How The INSIDE JOBS Stories Got Written


from "The Ivory City on the Moon"

 

     Storytellers love to tell stories, and every story comes with a built-in bonus story, the tale of how it came to be written! Below I share the delightful, often colorful circumstances behind the "birth" of the nine tales that eventually found their way onto the INSIDE JOBS tape.

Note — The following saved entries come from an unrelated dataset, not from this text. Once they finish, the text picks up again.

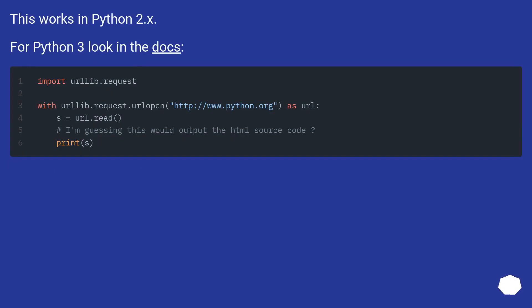This works in Python 2.x. For Python 3, look in the docs.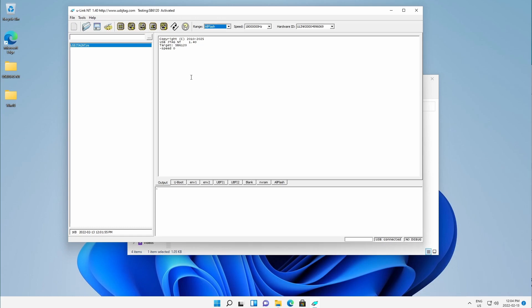So the installation for Windows 11 is almost identical to Windows 10 and there's not much difference. The only difference is that for the driver you use the Windows 10 driver. In this case I'm using Windows 11 Home 64-bit and the Windows 10 driver works just fine.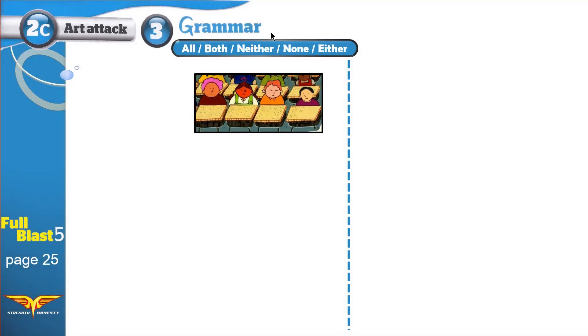Grammar. Today we are learning how to use ALL, BOTH, NEITHER or NEITHER, NONE, EITHER or EITHER.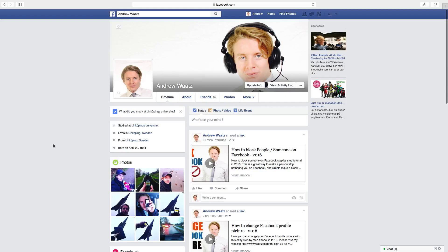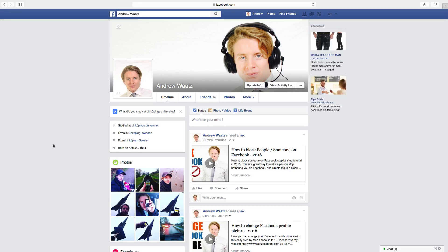Hi everyone and welcome. My name is Andrew Watts and in this tutorial we're going to learn about this. What's up everyone, so in this Facebook tutorial we will learn how you can unblock a person.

     The Dreamer This story was born way back in 1983. During a confusing period of my life, I took a Greyhound bus from St. Louis to New Jersey, to see if my second wife and I could reconcile. The bus stopped for an hour or two in Pittsburgh, Pennsylvania. Never having been in Pitsburgh, I decided to spend the layover strolling around downtown.
     After an hour, though, instead of feeling energized exploring a new place, I felt exhausted and disoriented. It was a week day morning. The rhythm of men in suits marching to another drummer besides the one I could hear left me feeling metaphysically homeless.
     With my last strength, I staggered to a dime store lunch counter, ordered a diet coke, got out my notebook, and began to write. I had to pull from someplace "unseen" in order to create a sense of Order I could fit into.
     Beyond that, writing the story was, and remains, a mystery. "The Dreamer" came from an intuitive place. I felt strength flow into my pen as the
first words, then the sense of where the story was going, came to me.
     By the time I finished, it was time to return to the bus station. I was able now to walk through the city with a degree of composure, the notebook containing the healing words of "The Dreamer" tucked safely under my arm.
     In 1987, MAGICAL BLEND phoned me and asked if they could publish
the piece. It appeared in the next issue.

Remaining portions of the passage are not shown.